Mads Mikkelsen: “It’s more fun to play a loser, we know them, we may have even been in their shoes”

“Would you like to see me smoking a cigarette outside?” Mads Mikkelsen asks me, stopping mid-sentence. Actually, I’ve seen him smoke before, but not in real life: just on the Internet, where entire galleries are devoted to the Danish actor indulging in his vice. As he smokes a lot and is generally obliged to do so outside, the photos of him smoking a cigarette taken by paparazzi, much appreciated by his fans, are legion. “That would be interesting, wouldn’t it?” he said with a laugh. We are having lunch on the covered terrace of the Chateau Marmont restaurant in Los Angeles, when Mikkelsen abandons his carpaccio and guacamole to slalom between the tables to the back of the space, where a heavy curtain acts as a wall . He gropes around, as if looking for a secret passage, until a narrow opening appears. He slips into a small secret antechamber with a mesh ceiling, furnished with benches, chairs and small French bistro tables, on which ashtrays and matchboxes are placed. He sits down and takes a cigarette from a pack whose brand I don’t know, but which I easily identify as European since it is covered with grim warnings.

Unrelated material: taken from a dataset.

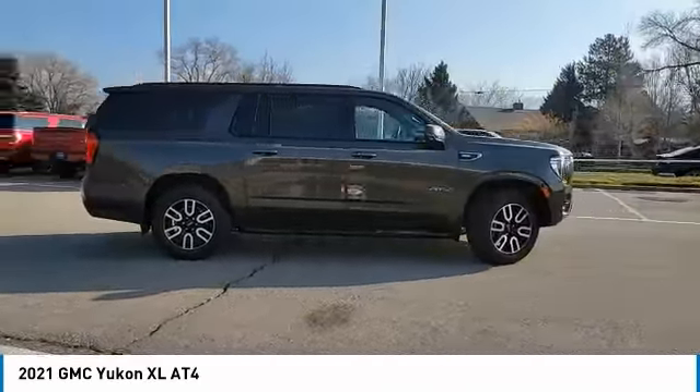Four-wheel drive, blind spot monitor, tow hitch, heated mirrors, aluminum wheels, power lift gate, privacy glass, rain-sensing wipers, fog lamps, rear parking aid.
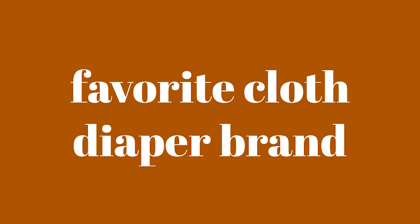What's your favorite cloth diaper brand? I would have to say Nora's Nursery right now. They have been the best diapers I have used so far. I haven't used some more popular brands like Thirsty's, but as of now Nora's Nursery is definitely my favorite.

Mikkelsen, 57, wears dad-style sneakers, burgundy jogging pants, and an ordinary zipped sweatshirt, a bit as if he was preparing to take a flight of several hours. His features, however, betray him; even customers who don’t immediately recognize him stare at him a little too long. When I point out the aging effects of cigarettes, the actor – who, although he has smoked since the 80s, has a peachy complexion – tells me that one of the most successful anti-smoking campaigns in Denmark featured scene an apple with saggy skin: “People don’t mind dying of cancer, but having saggy skin freaks them out!” For his part, he would happily stop but says he is “stuck”.

His way of smoking, chin raised, head tilted slightly to the side, has something eminently cinematic. After a deep puff, he resumes the reflection that we had begun, a few moments earlier at the table, on the profession of actor. “The idea, with a main character, is that we will learn little by little why he is the way he is. This is not the case for the other characters,” he explains. “When I’m the good friend or the bad guy, the camera doesn’t tell my story. She doesn’t go to bed with me and wake up with me the next morning.”